From the line with "been pieced together." to the end of the data below, restate each line word for word, both ends included, without the pictures.
:: INFORMATION SHOWN ::
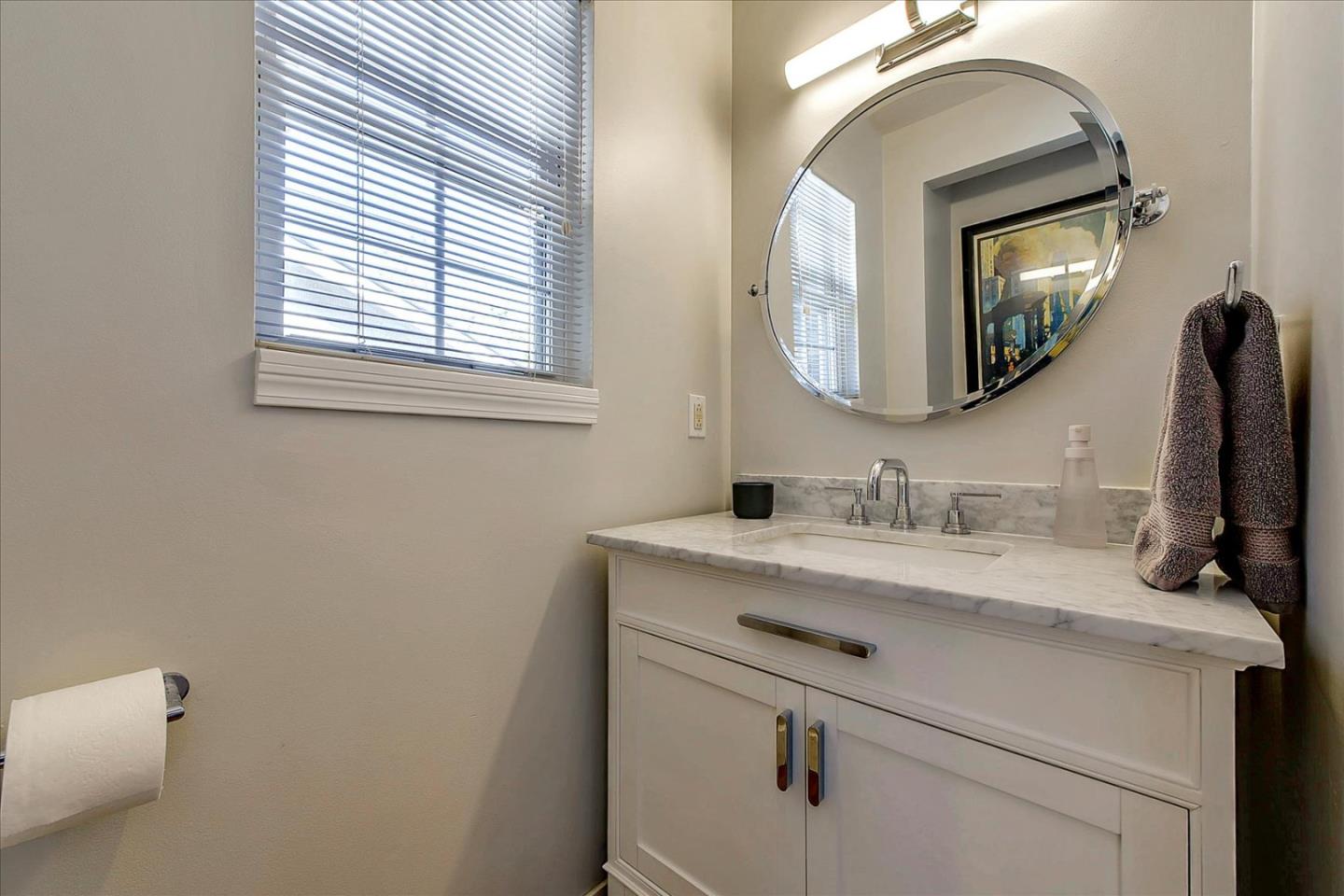 1712 St Anthony Drive San Jose, CA 95125 - Photo 39 of 47 a bathroom with a toilet sink and mirror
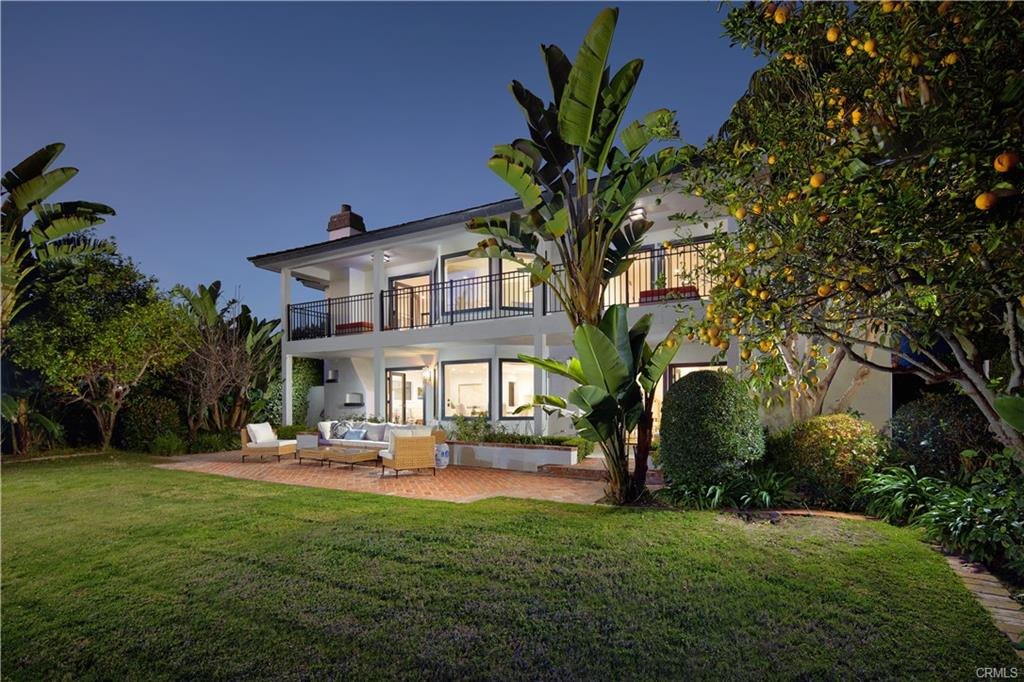 2572 Bayshore Dr — twilight view of the residence from the bay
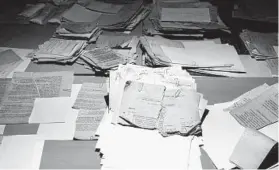  ??  ?? Torn-up documents that the East German secret police hoped to destroy in 1989 and 1990 are reconstruc­ted by “puzzlers.” Some 500 sacks of papers have already been pieced together.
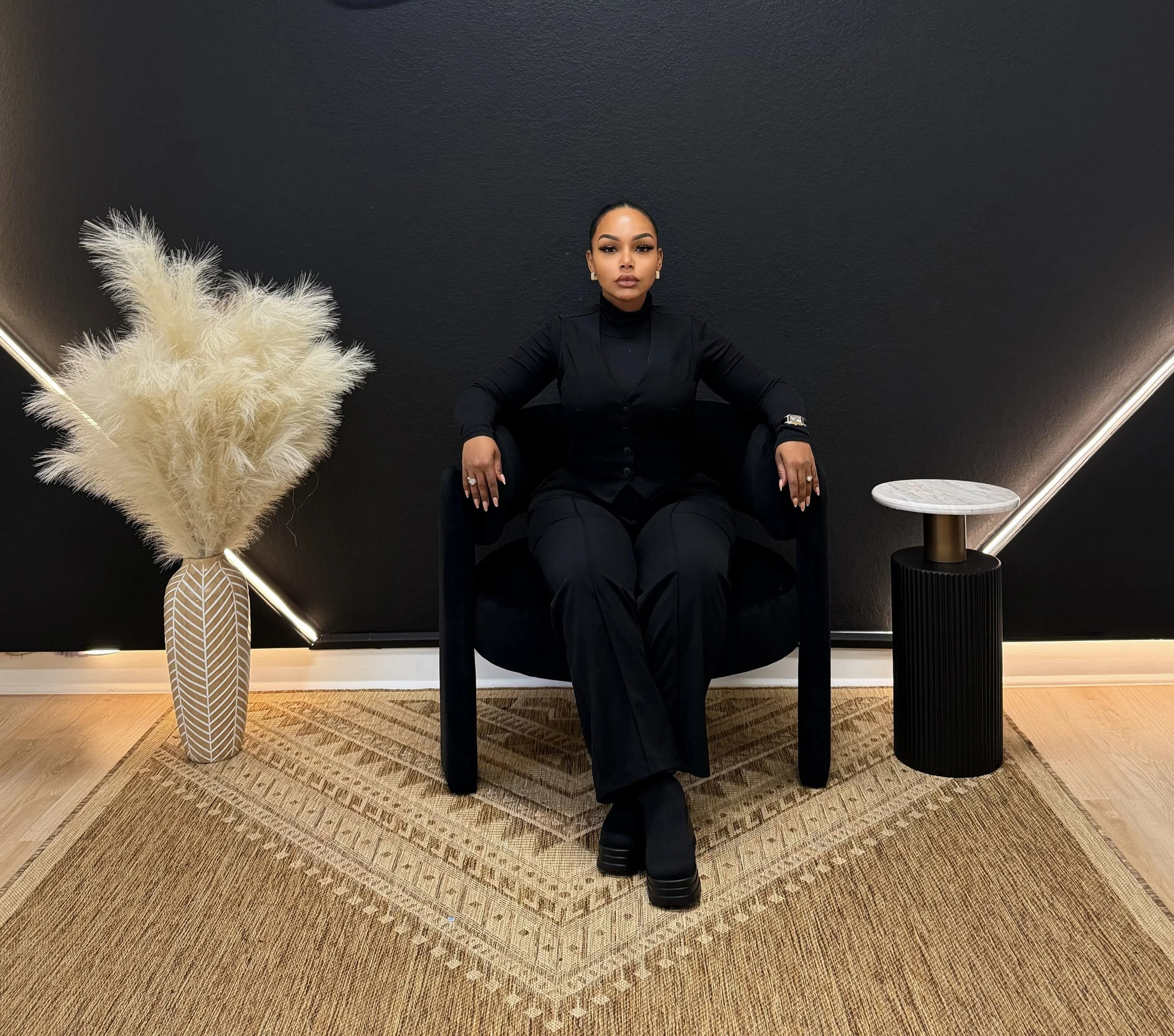 A woman dressed in black sitting on a black armchair with a black background, flanked by a white vase with pampas grass on her left and a small round side table on her right. The floor has a beige patterned rug.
:::
COMPLETED EXERCISE:
  ??  ?? Torn-up documents that the East German secret police hoped to destroy in 1989 and 1990 are reconstruc­ted by “puzzlers.” Some 500 sacks of papers have already been pieced together.
 A woman dressed in black sitting on a black armchair with a black background, flanked by a white vase with pampas grass on her left and a small round side table on her right. The floor has a beige patterned rug.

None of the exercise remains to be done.